死路一條嗎?


    如果是他給的死路,或許,她會毫不猶豫地踏上去。


    否則,活在另一個天涯,跟死在他的身邊,又有什麽區別呢?


    縱然活著,也不過是行屍走肉而已。


    隻是,秦念歌卻明白,因為眼前這個厲洺翼深愛的人,她甚至沒有權力選擇在他的身邊死去。


    那個人,終究是別人的。


    蘇知薇的眼神閃了閃,紅唇緩緩湊近她的耳邊:“明天夜裏兩點,我會安排人,帶你離開。”


    “離開?”秦念歌喃喃地重複。


    “對,離開,天下這麽大,你想去哪兒去哪兒,隻要不再回聖光市,不再回我們身邊,隱姓埋名,沒有人能找得到你。”蘇知薇仿佛催眠一般,在她耳邊一字一句地道。


    離開有他的世界,隱姓埋名,平平淡淡的過完一生。


    這原本就是她一直的期盼。


    秦念歌的眼神裏終於恢複了幾分意識:“你真的能送我走?”


    蘇知薇心底冷笑一生,可是在這個緊要關頭,她臉上的表情卻顯得真誠起來:“念歌,我們怎麽說也認識了這麽久,雖然你背叛了我,但是,我也不忍心看洺翼一直這麽傷害你。你離開,對我也是一件好事,我當然會幫你。”


    秦念歌緊緊地攥著拳頭,不知不覺間,指甲已經把手心掐得血肉模糊。


    “好,我走。”


    “好香,餓死了,我今天一定要把蘭姨做的所有的菜都吃得一幹二淨!”坐在餐桌前,秦念歌深深地呼吸一口,臉上的表情看上去無比幸福。


    眼前的餐桌上也擺滿了菜。


    其中蘭姨的幾樣拿手菜都是秦念歌主動點的,而在秦念歌的對麵同樣擺著幾盤色香味俱全的菜品,自然,也全都是秦念歌做的。


    看著她的模樣,蘭姨終於也露出了久違的笑容:“我想著你出去散散心回來說不定能吃點飯,特意讓小陳載著我去了遠點的那家菜市場買菜,可我也沒想到效果竟然這麽好,你是在外麵遇見什麽朋友了?”


    秦念歌抿著唇回想了下,又重重地點點頭:“算是朋友吧,不過是新朋友,一個長得特別漂亮的人,還幫了我很大的忙。
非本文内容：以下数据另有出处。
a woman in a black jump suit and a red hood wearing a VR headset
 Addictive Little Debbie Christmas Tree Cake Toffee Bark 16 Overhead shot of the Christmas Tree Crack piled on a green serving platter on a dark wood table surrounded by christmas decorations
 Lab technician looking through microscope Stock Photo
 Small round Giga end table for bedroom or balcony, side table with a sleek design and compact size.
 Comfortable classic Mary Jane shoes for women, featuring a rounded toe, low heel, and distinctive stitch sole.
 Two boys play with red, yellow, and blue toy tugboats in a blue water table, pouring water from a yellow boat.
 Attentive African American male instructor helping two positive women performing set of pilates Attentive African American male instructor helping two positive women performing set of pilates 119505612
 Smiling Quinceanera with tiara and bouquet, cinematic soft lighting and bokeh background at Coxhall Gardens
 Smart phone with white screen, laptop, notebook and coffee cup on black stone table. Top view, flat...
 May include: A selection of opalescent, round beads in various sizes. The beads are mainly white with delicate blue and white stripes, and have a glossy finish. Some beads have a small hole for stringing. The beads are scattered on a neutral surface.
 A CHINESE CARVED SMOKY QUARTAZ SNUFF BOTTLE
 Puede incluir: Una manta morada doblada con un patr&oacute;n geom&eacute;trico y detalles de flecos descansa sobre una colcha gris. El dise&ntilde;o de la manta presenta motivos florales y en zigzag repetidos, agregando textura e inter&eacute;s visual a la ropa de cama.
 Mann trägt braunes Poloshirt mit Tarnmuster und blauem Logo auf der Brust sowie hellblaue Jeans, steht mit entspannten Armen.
”


    “不管怎麽樣,開心就好,開心就好,小姐,快多吃點。”蘭姨難得開心得這麽明顯,不停地把手邊的菜往秦念歌的麵前端,盡管那些盤子都已經離她很近。


    可是,秦念歌卻站了起來,握著蘭姨的肩膀,把她按到自己對麵。


    “我呢,可以把這些全都吃光,不過有一個條件。”


    “條件?什麽條件?”許是鮮少見到這麽活潑的秦念歌,蘭姨的表情也鮮活了許多。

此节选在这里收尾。